Why using AVX ymm(m256) instructions is ~4 times slower than xmm(m128)
Asked Answered
D

1

5

I wrote program that multiplies arr1*arr2 and save result to arr3.

Pseudocode:
arr3[i]=arr1[i]*arr2[i]

And I want to use AVX instructions. I have assembler code for m128 and m256 instructions (unrolled). Results show that using ymm is 4 times slower than xmm. But why? If lathency is the same..

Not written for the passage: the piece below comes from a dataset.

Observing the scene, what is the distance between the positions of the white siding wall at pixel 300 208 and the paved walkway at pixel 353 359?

Mul_ASM_AVX proc ; (float* RCX=arr1, float* RDX=arr2, float* R8=arr3, int R9 = arraySize)

    push rbx

    vpxor xmm0, xmm0, xmm0 ; Zero the counters
    vpxor xmm1, xmm1, xmm1
    vpxor xmm2, xmm2, xmm2
    vpxor xmm3, xmm3, xmm3

    mov rbx, r9
    sar r9, 4       ; Divide the count by 16 for AVX
    jz MulResiduals ; If that's 0, then we have only scalar mul to perfomance

LoopHead:
    ;add 16 floats

    vmovaps xmm0    , xmmword ptr[rcx]
    vmovaps xmm1    , xmmword ptr[rcx+16]
    vmovaps xmm2    , xmmword ptr[rcx+32]
    vmovaps xmm3    , xmmword ptr[rcx+48]

    vmulps  xmm0, xmm0, xmmword ptr[rdx]
    vmulps  xmm1, xmm1, xmmword ptr[rdx+16]
    vmulps  xmm2, xmm2, xmmword ptr[rdx+32]
    vmulps  xmm3, xmm3, xmmword ptr[rdx+48]

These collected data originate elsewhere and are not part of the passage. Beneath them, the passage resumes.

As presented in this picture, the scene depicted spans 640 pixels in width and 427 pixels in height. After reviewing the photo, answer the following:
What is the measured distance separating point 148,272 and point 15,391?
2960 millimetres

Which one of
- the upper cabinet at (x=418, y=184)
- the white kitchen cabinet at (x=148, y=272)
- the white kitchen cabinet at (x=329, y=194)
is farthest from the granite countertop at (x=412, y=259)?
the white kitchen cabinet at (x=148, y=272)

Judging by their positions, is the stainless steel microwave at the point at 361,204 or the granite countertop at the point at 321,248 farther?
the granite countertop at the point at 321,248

    vmovaps xmmword ptr[R8],    xmm0
    vmovaps xmmword ptr[R8+16], xmm1
    vmovaps xmmword ptr[R8+32], xmm2
    vmovaps xmmword ptr[R8+48], xmm3

    add rcx, 64 ; move on to the next 16 floats (4*16=64)
    add rdx, 64
    add r8,  64

    dec r9
    jnz LoopHead

MulResiduals:
    and ebx, 15 ; do we have residuals?
    jz Finished ; If not, we're done

ResidualsLoopHead:
    vmovss xmm0, real4 ptr[rcx]
    vmulss xmm0, xmm0, real4 ptr[rdx]
    vmovss real4 ptr[r8], xmm0
    add rcx, 4
    add rdx, 4
    dec rbx
    jnz ResidualsLoopHead

Finished:
    pop rbx ; restore caller's rbx
    ret
Mul_ASM_AVX endp

And for m256, ymm instructions:

Mul_ASM_AVX_YMM proc ; UNROLLED AVX

    push rbx

    vzeroupper
    mov rbx, r9
    sar r9, 5       ; Divide the count by 32 for AVX (8 floats * 4 registers = 32 floats)
    jz MulResiduals ; If that's 0, then we have only scalar mul to perfomance

LoopHead:
    ;add 32 floats
    vmovaps ymm0, ymmword ptr[rcx] ; 8 float each, 8*4 = 32
    vmovaps ymm1, ymmword ptr[rcx+32]
    vmovaps ymm2, ymmword ptr[rcx+64]
    vmovaps ymm3, ymmword ptr[rcx+96]

    vmulps ymm0, ymm0, ymmword ptr[rdx]
    vmulps ymm1, ymm1, ymmword ptr[rdx+32]
    vmulps ymm2, ymm2, ymmword ptr[rdx+64]
    vmulps ymm3, ymm3, ymmword ptr[rdx+96]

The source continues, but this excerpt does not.